I can’t help wondering about my next myriad, and the next after that. At 30,000 days, in December 2050, we will know how the Transition has gone, and if the people of the world have brought our emissions to net zero. We will have hopefully reserved 50% of the Earth for wildlife to preserve about 80% of Earth’s species from disappearing. It will be hot, stormy, and unstable; there will be a lot of humans out-of-place; we will eat different foods and pursue different values. But we will be on the path to making it better.

My children will be middle-aged, with households of their own, families of their own. My hometown, Montreal, will have passed its 400 year anniversary celebration.

I’d like to get to 35,000 days, in August 2064. My grandfather lived independently to his mid-90s, and I hope I can get that far, too. I’d love to see Halley’s Comet return in 2061. I’d love to meet my great-grandchildren.

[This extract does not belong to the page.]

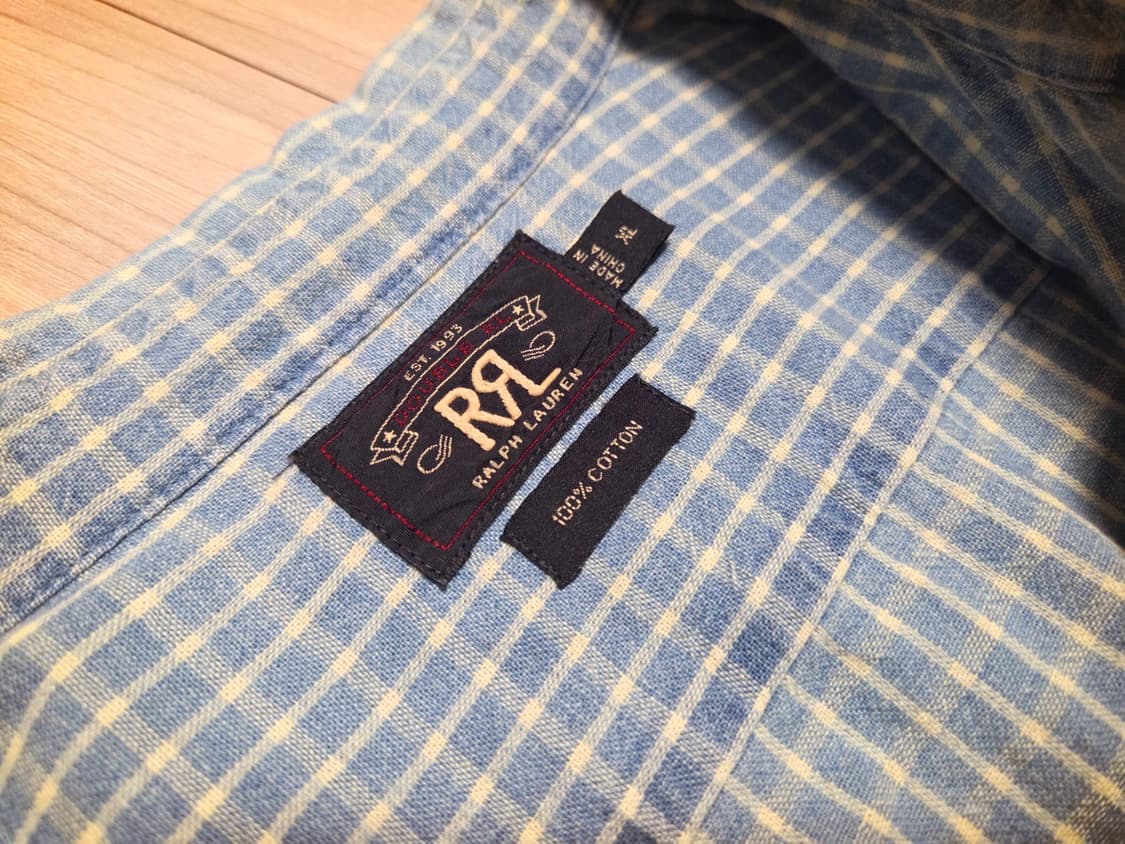 RRL 더블알엘  블루 체크 반팔 셔츠 XL 상품이미지3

40,000 days feels greedy. It will be on 20 April 2078 and I’d be 109-1/2 years old. It’s not out of the question, but I think I can do what I need to get done before then. The fact that it lands on 4/20 does give me pause; it would be a good fact to bring up to people on that day.

I’m trying to be mindful of the big picture today, and also appreciate where I am right now. There’s a lot of worry and a lot of hope in my world right now. I feel a lot of responsibility. I want to put this next 10K to its best use.

Update

To celebrate, I got a tattoo on my wrist of the symbol for 2 myriad from the Aegean numbers system.